Our heritage is a successful civil society


Let’s imagine that aliens visited South Africa in late 1993, abducted a South African and then returned him or her home 25 years later.

The abductee might be shocked by how our democracy project has turned out — by all the changes we’ve gone through and where the country is today, in particular, politically. Among the things they would see as having largely maintained course in that time would be the role and effect of civil society.

As we celebrate our diverse cultures during Heritage Month, worth celebrating too is a civil society culture that has not only promoted cultural diversity but is also itself diverse, with a hard-won heritage of tirelessly fighting for the rights of the people in this country.
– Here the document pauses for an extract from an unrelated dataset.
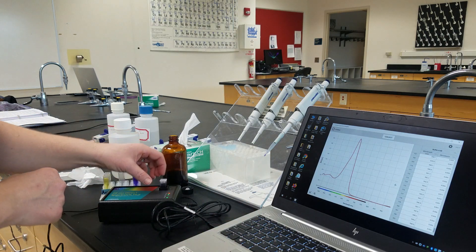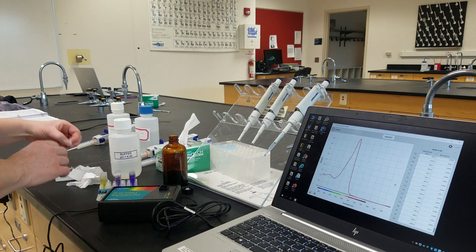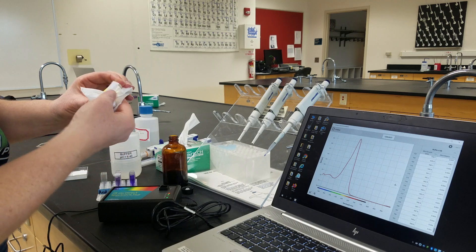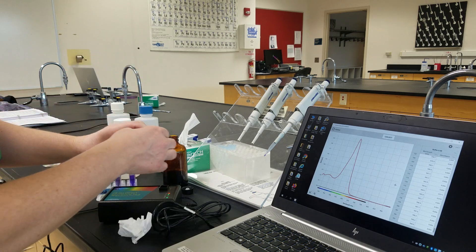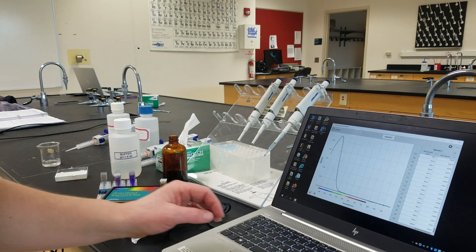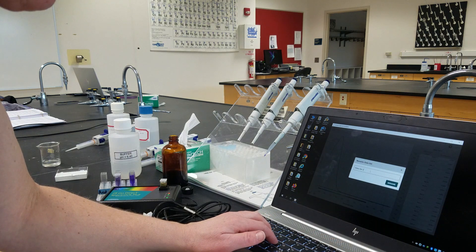We're going to do the same thing with our acid solution. I'm going to mix it up well, make sure there are no fingerprints, and place our solution into the light source. I click Collect and Stop, and rename this one Acid.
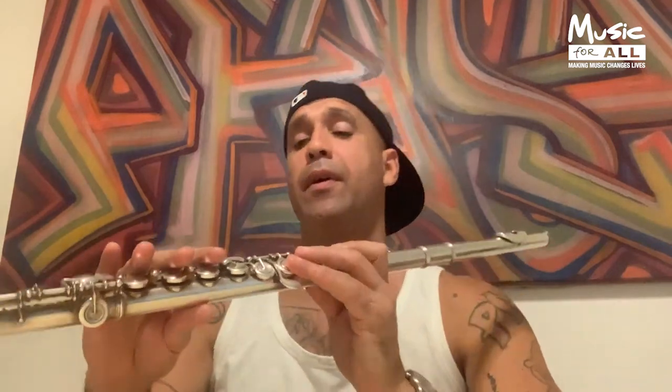This is a flute. There are many different ways of playing it. You can play it legato, or you can play it staccato. Legato basically means the notes are joined up. Staccato means there are gaps between the notes — you emphasise it with your lips.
The collapse of apartheid was a success story of global and local civil society pressure against the apartheid government. In the 1980s, civil society organisations were mobilised and highly motivated to challenge the discrimination, repression and anti-democratic policies and practices of the state.

Anti-apartheid marchers demand the release of all political prisoners, ahead of the announcement by former president FW de Klerk that the ANC was unbanned. (Rashid Lombard/AFP)

Today, they find themselves still playing the role of pushing back against the state’s failure to adequately serve the interests of the people. In recent years, civil society organisations have increasingly become the last line of defence, fighting on behalf of citizens against corruption, failure to deliver public services and abuse of power by elected and public representatives.

South Africa’s civil society landscape is much more diverse, dynamic and assertive in holding government accountable, fighting corruption and supporting democracy and democratic institutions than in many comparable developing countries. There has been a dramatic mobilisation of civil society in South Africa, and across Africa, against poor governance, not seen since the fight against apartheid and for independence in Africa.

The ongoing judicial inquiry into state capture came about after widespread public condemnation of the effect of the capture of state institutions on the country’s integrity and demands for accountability — a campaign led by civil society organisations.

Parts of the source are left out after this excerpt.